### EXERCISE DIRECTIONS
Before copying, find the line below that contains "Used 2017 Honda Accord Sport image 5"; then return it and all later lines exactly, up to and including the final line, with no pictures.

### DATASET EXTRACT
■ ■ ■ ■ ■ ■ ■
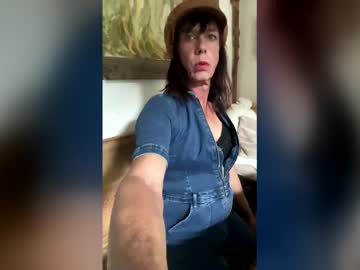 Transslavechic December 18, 2025 Chaturbate stream image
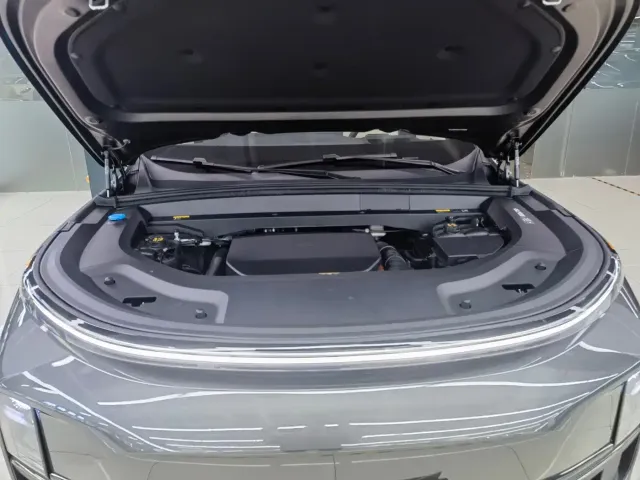 Li Auto L8 — Фото автомобиля 13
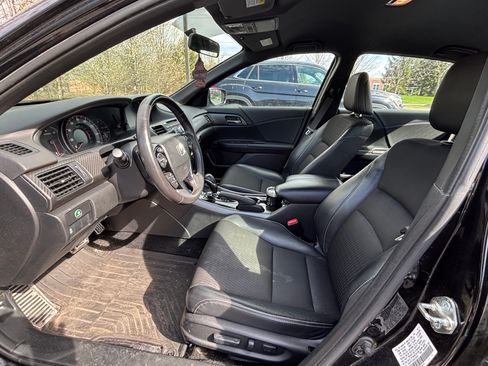 Used 2017 Honda Accord Sport image 5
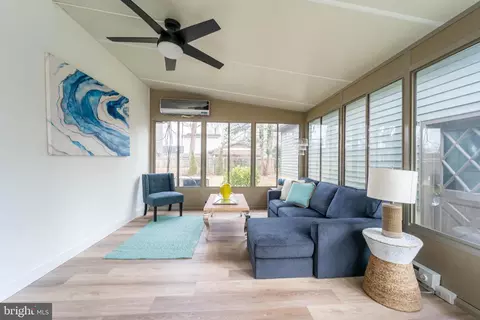Living - 1707 Ridgely Rd, Edgewater, MD 21037 photo 1 of 3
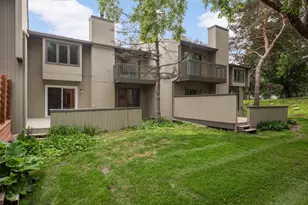 11140 Abbott Ln, Minnetonka, MN 55343 - Photo 30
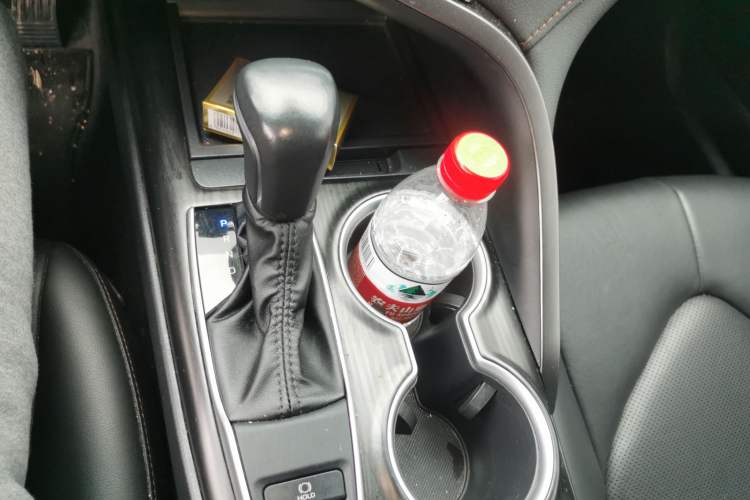 Used Toyota Camry 2023 2.0G Luxury Edition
■ ■ ■ ■ ■ ■ ■
### TASK SOLUTION
 Used 2017 Honda Accord Sport image 5
Living - 1707 Ridgely Rd, Edgewater, MD 21037 photo 1 of 3
 11140 Abbott Ln, Minnetonka, MN 55343 - Photo 30
 Used Toyota Camry 2023 2.0G Luxury Edition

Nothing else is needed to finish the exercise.